June 28, 2009

試験

東京へ行っていたかのようなメモエントリがあった。
東京へ行っていた。
法律の国家試験を受けに行っていたのだった。


試験について書くのは避けてきた。その試験は今まで受けたどの試験よりもハードで、アタックしてもふられることが確実な恋のような、その試験について考えるだけで自分がコンプレックスの塊になるような、試験だった。

実際、私は自分を受け入れてくれない人や場所を避けてきたきらいがある。もっと楽しい場所があることを知っていたし、わざわざ楽しくない場所にチャレンジしても時間が無駄になるかもしれないと思っていた。諦めがよかった。
そういう姿勢がいいのか悪いのかはわからないけれど、はじめて、避けるに避けられない、いや、避けようと思えば避けられるけれど、避けることに後ろ髪ひかれるものがそれだったのだった。

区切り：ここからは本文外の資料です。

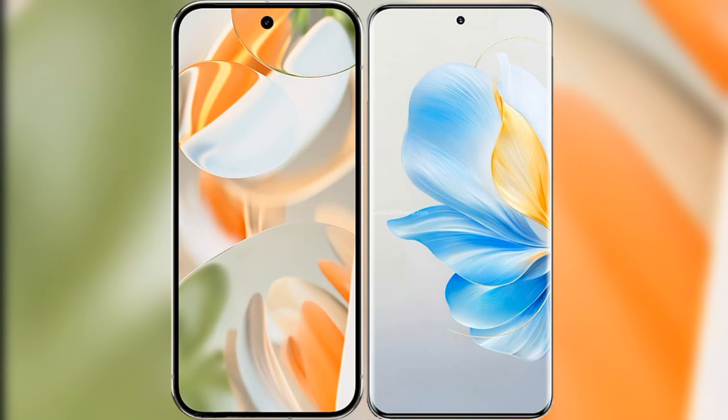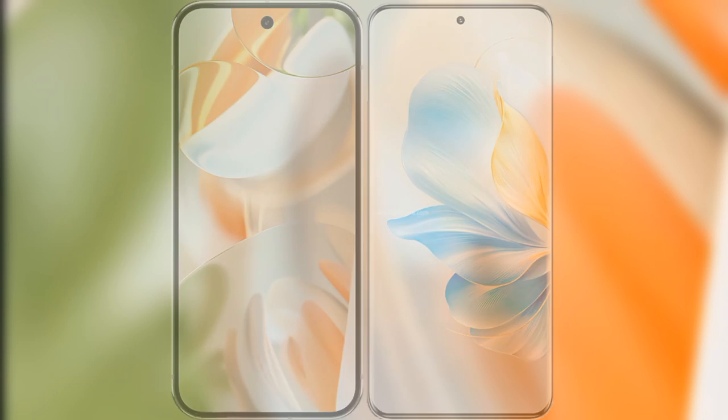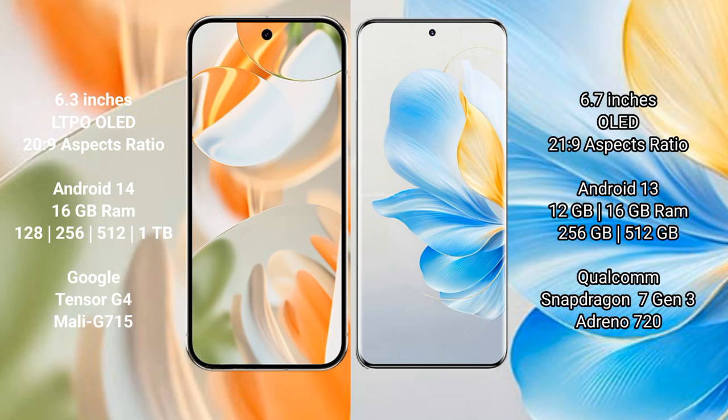Comparing the new Google Pixel 9 Pro with Honor 100. Google Pixel 9 Pro features a 6.30-inch LTPO OLED display with an aspect ratio of 20:9. Honor 100 has a 6.9-inch OLED display with a 21:9 aspect ratio. Google Pixel 9 Pro runs on Android 14, while Honor 100 runs on Android 13.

法律が好きなのは本当だった。それがなぜ試験となると嫌いになるのかよくわからなかった。上述のような、根本的な、自分の問題だということに気づいたのは最近だ。
受け入れてもらえないものに果敢に攻めいるということをしなかったこと。


このコンプレックスめいたものは3年間の院生活で醸成されたものだと思う。はっきりいって、ついていけていなかった。表面的には理解していたのかもしれないし単位はとっていたけど、場当たり的で、底の底の方では全然ついていってなかった。
実 務家になるという覚悟、なりたいという気持ち、法律を使い倒してやるのだという姿勢、試験を攻略してやるのだという気概、そういったものを持てずにいた。 周りが持っているそれとの温度差を感じていたし、それに取り残された感じがしていた。それは知識量や勉強量等々、つまり実力に、当然のように影響した。 バッドなスパイラルだった。


試験期間は5日間だった。1日目がマークシート式、2日目が論述式、3日目が休みで、4日目と5日目が論述式。試験時間はトータルで22.5時間。それでも時間は基本的に足りない。
眠くなったり少しでもぼんやりするような時間は、実際ない。問題は、法務省のWebサイトに掲載されているけれどまあまあ長い。各問、平均A4で4,5枚くらいだろうか。

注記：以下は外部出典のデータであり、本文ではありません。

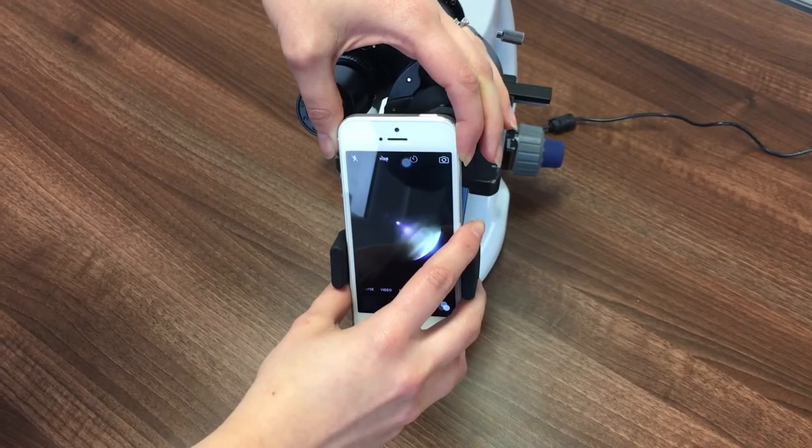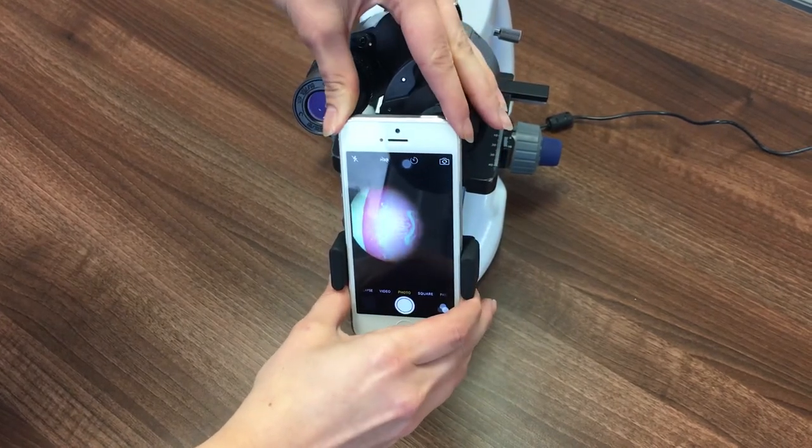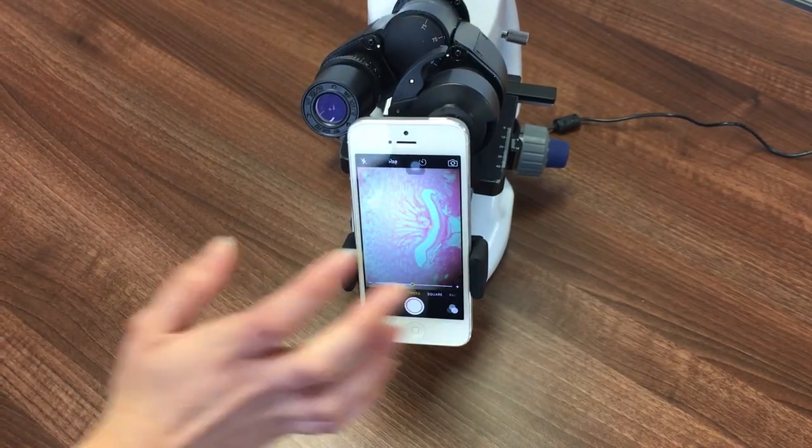Adjust the position of the phone so that the camera image is aligned with the microscope's light path. You may need to move the phone up and down and in and out of the grip, and adjust the adapter arm to achieve a suitable position.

体 力的にもシビアな試験で、長時間の筆記が肩や腕や手をくたくたにしてしまう。座りっぱなしなので座布団とか膝かけを持参している人も多い。人目をはばから ずバンテリンを首から肩に塗りたくる女子、とか、でこぼこフレンズ(NHK教育のちょっとしたアニメコーナー。お子さんのものかと思われる)の毛布を持参 する男性、とか、冷えピタを額に貼って闊歩する女子、とか、普段あまり見られない光景が見られる。メガネ率は異常に高いが、全然心踊らない。これはメガネ 好きではなかったのだということが改めて証明された出来事だった。残念なことだ。

なりふり構わない、ということの清々しさとか、そうは 言ってもちゃんとお洒落している人々とか(つまりGUCCIのバッグにたくさん本を詰め込んでGUCCIの靴でカツカツと登場するきれいな女の人とか、毎 日変わるシュシュが可愛い大きなカバンを持った女の子とか)もいて、そんないろんな彼らとは、敵同士のような、仲間同士のような。4日目、つまり最終日前 日の試験終了後はなんだか晴れ晴れとしていた。一週間で一番素敵なのは金曜日なのと同じだ。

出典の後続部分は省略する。